0

I have a folder on my computer, where are several fiels saved. How can I automatically load the biggest file (in terms of size in kb) of it only?

Right now I could use:

#Sort it with the help of windows, biggest file on top and then:
import pandas as pd
df = pd.read_csv(r'C:\...\FileABC.csv') #when I know FileABC is listed on the top

Is there a way to automatically do that in python? Then I could skip the manual adjustment in windows.

PV8
  • 5,799
  • 7
  • 43
  • 87
  • 1
    how do you define `big` here? number of rows, number of columns, size occupied by the file?? – tidakdiinginkan May 04 '20 at 08:12
  • in terms of MB size – PV8 May 04 '20 at 08:12
  • 1
    Check this [link](https://stackoverflow.com/questions/6591931/getting-file-size-in-python) - you can obtain file size using the `os` module. `os.stat('filename').st_size` should give you the file size in bytes. `os.listdir('dirname')` should give you a list of all files within a given directory `dirname` – tidakdiinginkan May 04 '20 at 08:14
  • 1
    Hint: `os.stat` gives the size of a file in its `st_size` member. – Serge Ballesta May 04 '20 at 08:16

3 Answers3

2

Try this:

import os
import pandas as pd
basedir = 'C:/Users/viupadhy/Desktop/Stackoverflow'
names = os.listdir(basedir)
paths = [os.path.join(basedir, name) for name in names]
sizes = [(path, os.stat(path).st_size) for path in paths]
file = max(sizes, key=lambda x: x[1])
print(file)

df = pd.read_csv(file[0])
df

Output:

enter image description here

Vishal Upadhyay
  • 781
  • 1
  • 5
  • 19
1

A simple way to do this:

import os


def find_largest_file(path):
    largest = None
    max_size = 0
    for filename in os.listdir(path):
        if os.path.isfile(filename):
            size = os.path.getsize(filename)
            if size > max_size:
                largest = filename
                max_size = size
    return largest


print(find_largest_file(path))
# ... whaterver largest file you have in `path`.

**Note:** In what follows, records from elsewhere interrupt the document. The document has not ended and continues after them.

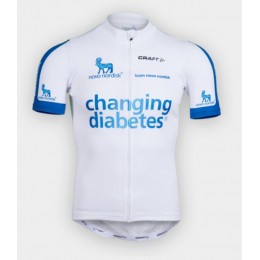2015 Team Novo nordisk Radtrikot Kurzarm 2015 Team Novo nordisk Radtrikot Kurzarm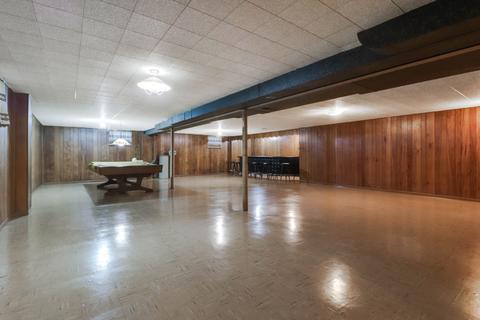 1114 Kern St, Normal, IL 61761 photo 20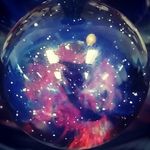 Gary Tonks - @the__daboratory - Instagram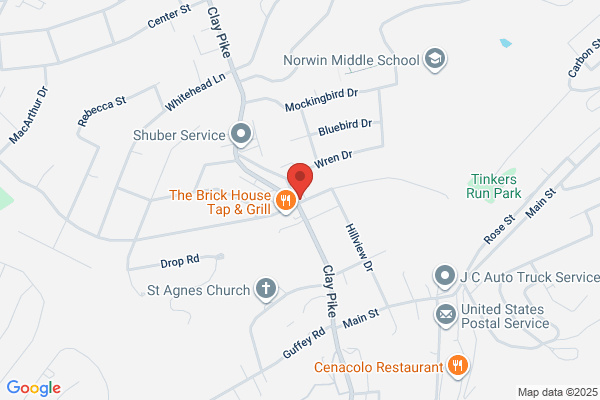Campbell's Ultra Service Center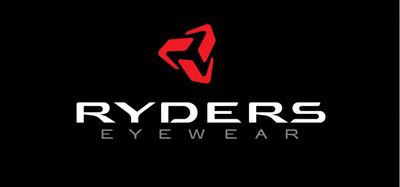 ryders_eyewear_logo_01, ryders sunglasses, shades, mountain biking sunglasses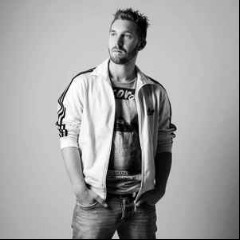 Basslovers United & DJ G4bby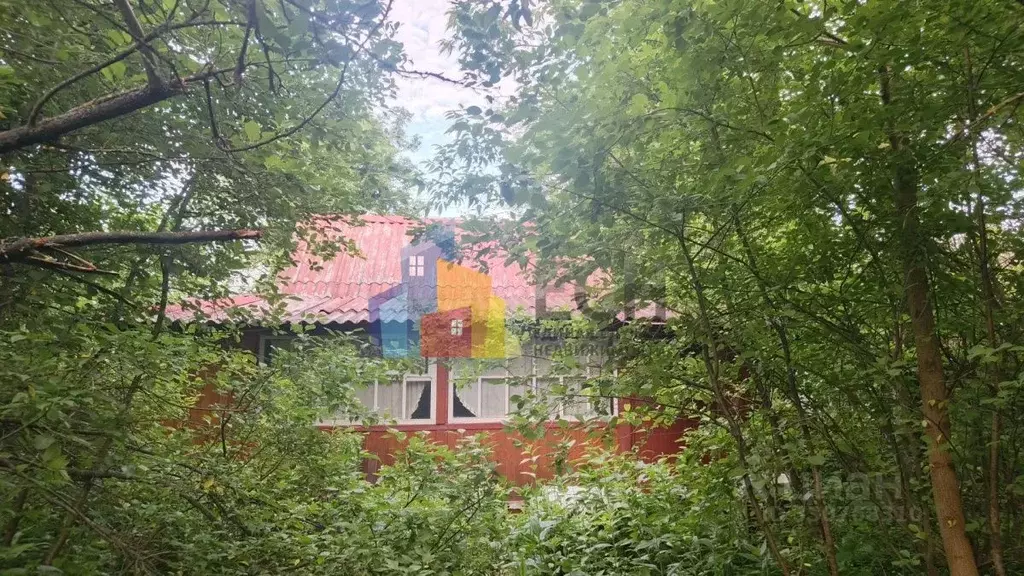 Участок в Тульская область, Тула Приволье СНТ, 133 (7.09 сот.) - Фото 2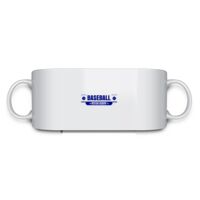 11oz Mug With Wrap Around Print Thumbnail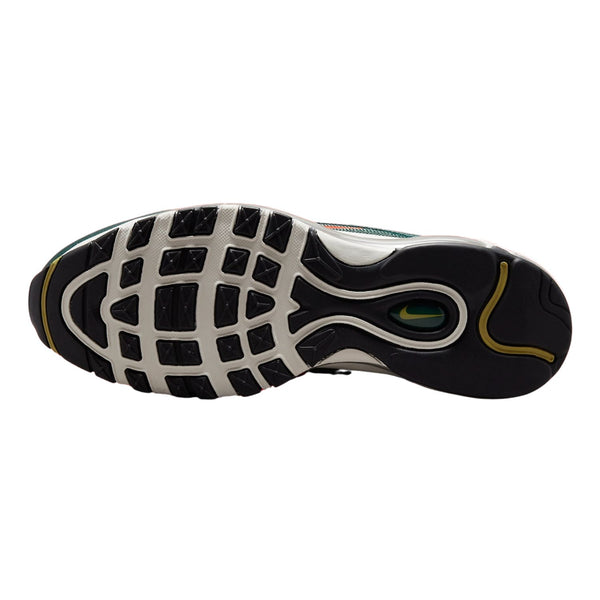 Nike Air Max 97 Se Mens Style : Fd0344-397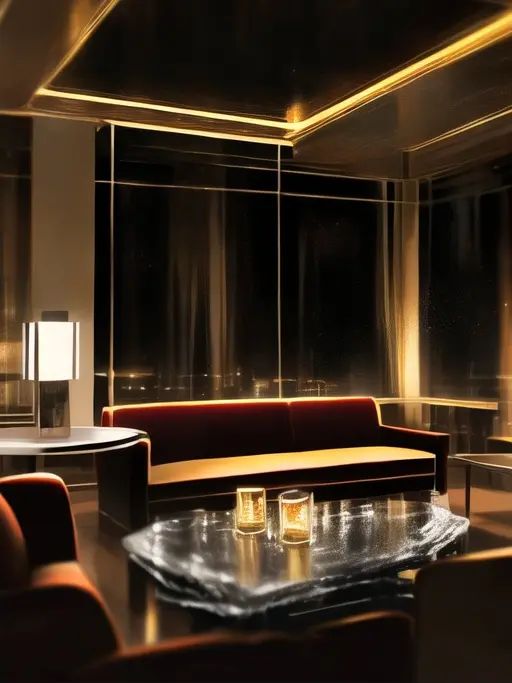 TimelyBog8267의 完全個室キャバクラ"桃源郷"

This can be further improved by filtering only .csv extension and the like.

norok2
  • 25,683
  • 4
  • 73
  • 99
0

You can use something like:

import os
import pandas as pd


folder_path = "C:\\programs\\"

file_list = os.listdir(folder_path)
biggest_file = os.path.join(folder_path, file_list[0])

for file in file_list:
    file_location = os.path.join(folder_path, file)
    size = os.path.getsize(file_location)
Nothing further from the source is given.